Good news from Washington D.C. is rare enough that any victory for statesmanship and common sense should receive attention. The approval of a bill to reauthorize PEPFAR (the President's Emergency Plan for AIDS Relief) by the House of Representatives on April 2 is a good example.

In February I wrote a column expressing alarm about some features of a draft bill. Population control advocates had rewritten the program to promote family planning and "reproductive health" as a priority in fighting HIV/AIDS, malaria and tuberculosis in Africa and other developing nations. I wrote then: "A program for preventing the next generation of Africans from getting AIDS could become a program for preventing the next generation of Africans."

However, objections by Catholics and others raised awareness in Congress about this ideological takeover, and wiser heads prevailed. The final bill reported by the House Foreign Affairs Committee, the product of negotiations among the White House and Republicans and Democrats on the committee, preserves many life-saving and morally sound features that made this program so effective in its first five years. The bipartisan nature of this bill is reflected in the lopsided House vote to approve it, 308 to 116.

Abstinence and fidelity are recognized as important prevention methods in the House bill; protection for Catholic and other agencies with conscientious objections to some methods is retained and strengthened; and some new features, such as provisions for nutrition assistance and better training of health care workers, are most welcome. All references to the misleading code word "reproductive health" are gone.

The House bill now mentions family planning only to say that HIV services should be available to clients of "family planning programs supported by the U.S. government." This compromise language is very different from earlier language urging PEPFAR to promote family planning services to people who want HIV/AIDS assistance. And the phrase "supported by the U.S. government" means that the AIDS program will not link with programs that violate U.S. policies against abortion as family planning or the coercion of women. An amendment to delete this important phrase, supported by family planning groups, was not allowed a vote on the House floor. A parallel reauthorization bill pending in the Senate does not mention "family planning" at all.

Some problems and disagreements remain. For example, the original program's allocation of 33% of prevention funds for abstinence programs has been replaced by a much weaker and vaguer provision that cries out for clarification.
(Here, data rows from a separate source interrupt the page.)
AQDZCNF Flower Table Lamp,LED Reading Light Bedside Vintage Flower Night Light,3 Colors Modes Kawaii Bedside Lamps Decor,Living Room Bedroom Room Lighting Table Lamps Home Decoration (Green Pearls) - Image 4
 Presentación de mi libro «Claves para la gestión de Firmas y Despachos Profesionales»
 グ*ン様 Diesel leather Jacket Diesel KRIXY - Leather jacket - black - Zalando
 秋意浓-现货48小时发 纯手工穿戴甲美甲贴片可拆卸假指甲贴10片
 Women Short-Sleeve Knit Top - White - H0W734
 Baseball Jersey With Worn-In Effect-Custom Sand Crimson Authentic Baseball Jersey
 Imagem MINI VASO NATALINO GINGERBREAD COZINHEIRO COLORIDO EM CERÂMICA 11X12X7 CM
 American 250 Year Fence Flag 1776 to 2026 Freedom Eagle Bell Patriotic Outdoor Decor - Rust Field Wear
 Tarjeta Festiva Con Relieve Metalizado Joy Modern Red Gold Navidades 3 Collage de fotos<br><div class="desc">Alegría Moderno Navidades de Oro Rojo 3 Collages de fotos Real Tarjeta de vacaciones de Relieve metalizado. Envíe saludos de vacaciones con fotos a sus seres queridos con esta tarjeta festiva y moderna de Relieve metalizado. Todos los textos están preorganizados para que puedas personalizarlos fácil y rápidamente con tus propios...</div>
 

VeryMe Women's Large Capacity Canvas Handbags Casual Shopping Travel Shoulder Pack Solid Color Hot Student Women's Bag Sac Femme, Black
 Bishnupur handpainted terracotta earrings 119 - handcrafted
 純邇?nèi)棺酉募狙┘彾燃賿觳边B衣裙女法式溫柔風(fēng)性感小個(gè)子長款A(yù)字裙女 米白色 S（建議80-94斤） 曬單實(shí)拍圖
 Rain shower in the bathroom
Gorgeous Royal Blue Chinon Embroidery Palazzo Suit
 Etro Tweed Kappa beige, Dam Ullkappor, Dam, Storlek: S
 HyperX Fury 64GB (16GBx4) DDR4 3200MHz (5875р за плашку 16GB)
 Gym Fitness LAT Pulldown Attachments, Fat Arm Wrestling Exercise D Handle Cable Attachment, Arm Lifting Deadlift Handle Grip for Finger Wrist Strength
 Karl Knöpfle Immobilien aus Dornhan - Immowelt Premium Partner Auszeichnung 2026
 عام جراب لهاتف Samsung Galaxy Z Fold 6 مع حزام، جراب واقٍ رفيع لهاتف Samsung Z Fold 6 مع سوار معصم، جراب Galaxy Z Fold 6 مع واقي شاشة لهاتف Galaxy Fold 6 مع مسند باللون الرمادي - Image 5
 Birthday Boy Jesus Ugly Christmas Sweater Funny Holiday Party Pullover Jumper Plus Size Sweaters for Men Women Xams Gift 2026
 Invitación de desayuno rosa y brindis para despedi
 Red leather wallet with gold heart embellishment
One sign of hope is a floor speech by Foreign Affairs committee chairman Howard Berman before the House vote. He praised members of both parties on his committee for their efforts, and said each had learned from the other: Republicans were persuaded of the need for a well-funded program to combat AIDS in the Third World, and Democrats were persuaded that abstinence programs and faith-based organizations are an important part of the solution. If those insights are fully reflected in the final legislation, we will have a renewed and expanded humanitarian program for the suffering people of Africa that President Bush and Congress can be proud of.